● Extracted records
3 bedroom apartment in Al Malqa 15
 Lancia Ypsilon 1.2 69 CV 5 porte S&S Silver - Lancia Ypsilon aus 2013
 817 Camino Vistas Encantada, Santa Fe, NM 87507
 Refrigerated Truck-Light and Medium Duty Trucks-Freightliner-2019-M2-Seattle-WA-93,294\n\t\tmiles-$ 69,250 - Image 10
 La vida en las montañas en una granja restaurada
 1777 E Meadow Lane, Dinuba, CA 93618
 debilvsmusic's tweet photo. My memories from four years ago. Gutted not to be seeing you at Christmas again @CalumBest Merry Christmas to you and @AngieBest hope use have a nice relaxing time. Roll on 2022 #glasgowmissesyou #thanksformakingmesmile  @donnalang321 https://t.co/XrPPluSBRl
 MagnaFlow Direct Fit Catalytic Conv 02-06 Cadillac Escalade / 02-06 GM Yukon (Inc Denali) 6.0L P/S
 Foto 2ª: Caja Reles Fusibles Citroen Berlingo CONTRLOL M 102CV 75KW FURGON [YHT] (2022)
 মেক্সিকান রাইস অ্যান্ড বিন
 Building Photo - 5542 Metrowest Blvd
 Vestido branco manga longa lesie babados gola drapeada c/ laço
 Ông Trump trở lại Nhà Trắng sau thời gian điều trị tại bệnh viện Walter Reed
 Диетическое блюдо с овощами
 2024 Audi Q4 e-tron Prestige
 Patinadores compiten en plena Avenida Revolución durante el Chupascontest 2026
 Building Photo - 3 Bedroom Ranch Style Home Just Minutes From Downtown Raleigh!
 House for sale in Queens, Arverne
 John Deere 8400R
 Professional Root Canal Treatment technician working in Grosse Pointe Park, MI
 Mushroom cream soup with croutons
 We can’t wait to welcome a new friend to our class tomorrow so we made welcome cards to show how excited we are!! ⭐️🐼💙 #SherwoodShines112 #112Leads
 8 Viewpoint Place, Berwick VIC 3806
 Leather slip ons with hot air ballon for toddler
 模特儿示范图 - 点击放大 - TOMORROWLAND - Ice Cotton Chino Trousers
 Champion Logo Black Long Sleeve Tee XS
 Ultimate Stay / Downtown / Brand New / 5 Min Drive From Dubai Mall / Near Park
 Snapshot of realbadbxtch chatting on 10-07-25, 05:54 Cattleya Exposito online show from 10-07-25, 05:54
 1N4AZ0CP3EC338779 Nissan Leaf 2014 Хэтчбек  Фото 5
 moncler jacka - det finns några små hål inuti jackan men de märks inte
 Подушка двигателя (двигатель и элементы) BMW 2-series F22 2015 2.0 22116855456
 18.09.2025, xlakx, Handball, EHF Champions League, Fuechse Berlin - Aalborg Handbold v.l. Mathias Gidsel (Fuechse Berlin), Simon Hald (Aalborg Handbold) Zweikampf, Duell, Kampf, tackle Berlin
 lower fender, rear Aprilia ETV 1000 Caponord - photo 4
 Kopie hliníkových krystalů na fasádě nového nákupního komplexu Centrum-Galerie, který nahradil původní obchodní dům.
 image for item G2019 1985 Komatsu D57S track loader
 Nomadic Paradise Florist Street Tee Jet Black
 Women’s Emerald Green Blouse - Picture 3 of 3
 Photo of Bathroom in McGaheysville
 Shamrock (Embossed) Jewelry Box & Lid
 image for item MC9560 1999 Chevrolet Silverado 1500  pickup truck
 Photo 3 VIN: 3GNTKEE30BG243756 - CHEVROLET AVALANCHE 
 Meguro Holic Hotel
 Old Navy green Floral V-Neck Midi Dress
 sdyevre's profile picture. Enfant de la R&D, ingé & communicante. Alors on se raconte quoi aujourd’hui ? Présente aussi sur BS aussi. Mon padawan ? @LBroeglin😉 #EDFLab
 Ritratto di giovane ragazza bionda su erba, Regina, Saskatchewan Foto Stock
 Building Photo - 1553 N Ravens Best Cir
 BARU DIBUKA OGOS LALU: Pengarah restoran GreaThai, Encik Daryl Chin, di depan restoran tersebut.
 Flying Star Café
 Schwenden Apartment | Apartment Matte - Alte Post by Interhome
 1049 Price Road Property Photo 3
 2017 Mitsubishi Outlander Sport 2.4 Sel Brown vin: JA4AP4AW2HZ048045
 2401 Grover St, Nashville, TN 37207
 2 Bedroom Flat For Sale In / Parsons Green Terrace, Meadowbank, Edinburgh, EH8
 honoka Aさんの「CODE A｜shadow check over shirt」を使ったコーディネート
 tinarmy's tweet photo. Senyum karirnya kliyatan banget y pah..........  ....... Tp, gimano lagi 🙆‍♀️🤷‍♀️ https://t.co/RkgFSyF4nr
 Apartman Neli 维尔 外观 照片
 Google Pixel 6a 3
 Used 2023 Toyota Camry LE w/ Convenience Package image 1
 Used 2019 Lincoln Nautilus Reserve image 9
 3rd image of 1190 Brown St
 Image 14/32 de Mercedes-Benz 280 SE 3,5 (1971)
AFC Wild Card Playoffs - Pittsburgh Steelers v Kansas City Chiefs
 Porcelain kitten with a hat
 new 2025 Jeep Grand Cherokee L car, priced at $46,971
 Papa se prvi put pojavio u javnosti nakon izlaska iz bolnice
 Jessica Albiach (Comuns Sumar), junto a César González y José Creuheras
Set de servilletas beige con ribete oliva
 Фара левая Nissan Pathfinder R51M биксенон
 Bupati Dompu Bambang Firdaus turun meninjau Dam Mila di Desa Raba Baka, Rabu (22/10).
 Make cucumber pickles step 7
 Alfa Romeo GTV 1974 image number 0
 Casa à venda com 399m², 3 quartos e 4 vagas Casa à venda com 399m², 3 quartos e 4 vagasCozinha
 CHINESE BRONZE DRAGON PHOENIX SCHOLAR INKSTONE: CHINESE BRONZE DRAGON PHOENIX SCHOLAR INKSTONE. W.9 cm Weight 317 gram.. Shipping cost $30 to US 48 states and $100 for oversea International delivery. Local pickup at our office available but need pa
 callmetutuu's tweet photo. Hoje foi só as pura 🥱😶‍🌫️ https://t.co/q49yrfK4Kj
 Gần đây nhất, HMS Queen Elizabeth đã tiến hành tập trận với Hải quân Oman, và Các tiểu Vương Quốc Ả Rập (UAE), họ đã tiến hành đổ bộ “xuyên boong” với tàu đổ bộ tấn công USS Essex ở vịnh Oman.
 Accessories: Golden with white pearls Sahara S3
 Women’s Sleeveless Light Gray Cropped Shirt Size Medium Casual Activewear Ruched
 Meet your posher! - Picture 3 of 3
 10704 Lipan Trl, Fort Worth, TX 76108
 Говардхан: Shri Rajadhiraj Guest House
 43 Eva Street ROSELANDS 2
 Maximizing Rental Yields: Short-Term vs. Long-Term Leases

● Task description
If a line falls between the first line of the records and the line containing "1N4AZ0CP3EC338779 Nissan Leaf", inclusive, repeat it exactly; leave out all others.

● Task output
3 bedroom apartment in Al Malqa 15
 Lancia Ypsilon 1.2 69 CV 5 porte S&S Silver - Lancia Ypsilon aus 2013
 817 Camino Vistas Encantada, Santa Fe, NM 87507
 Refrigerated Truck-Light and Medium Duty Trucks-Freightliner-2019-M2-Seattle-WA-93,294\n\t\tmiles-$ 69,250 - Image 10
 La vida en las montañas en una granja restaurada
 1777 E Meadow Lane, Dinuba, CA 93618
 debilvsmusic's tweet photo. My memories from four years ago. Gutted not to be seeing you at Christmas again @CalumBest Merry Christmas to you and @AngieBest hope use have a nice relaxing time. Roll on 2022 #glasgowmissesyou #thanksformakingmesmile  @donnalang321 https://t.co/XrPPluSBRl
 MagnaFlow Direct Fit Catalytic Conv 02-06 Cadillac Escalade / 02-06 GM Yukon (Inc Denali) 6.0L P/S
 Foto 2ª: Caja Reles Fusibles Citroen Berlingo CONTRLOL M 102CV 75KW FURGON [YHT] (2022)
 মেক্সিকান রাইস অ্যান্ড বিন
 Building Photo - 5542 Metrowest Blvd
 Vestido branco manga longa lesie babados gola drapeada c/ laço
 Ông Trump trở lại Nhà Trắng sau thời gian điều trị tại bệnh viện Walter Reed
 Диетическое блюдо с овощами
 2024 Audi Q4 e-tron Prestige
 Patinadores compiten en plena Avenida Revolución durante el Chupascontest 2026
 Building Photo - 3 Bedroom Ranch Style Home Just Minutes From Downtown Raleigh!
 House for sale in Queens, Arverne
 John Deere 8400R
 Professional Root Canal Treatment technician working in Grosse Pointe Park, MI
 Mushroom cream soup with croutons
 We can’t wait to welcome a new friend to our class tomorrow so we made welcome cards to show how excited we are!! ⭐️🐼💙 #SherwoodShines112 #112Leads
 8 Viewpoint Place, Berwick VIC 3806
 Leather slip ons with hot air ballon for toddler
 模特儿示范图 - 点击放大 - TOMORROWLAND - Ice Cotton Chino Trousers
 Champion Logo Black Long Sleeve Tee XS
 Ultimate Stay / Downtown / Brand New / 5 Min Drive From Dubai Mall / Near Park
 Snapshot of realbadbxtch chatting on 10-07-25, 05:54 Cattleya Exposito online show from 10-07-25, 05:54
 1N4AZ0CP3EC338779 Nissan Leaf 2014 Хэтчбек  Фото 5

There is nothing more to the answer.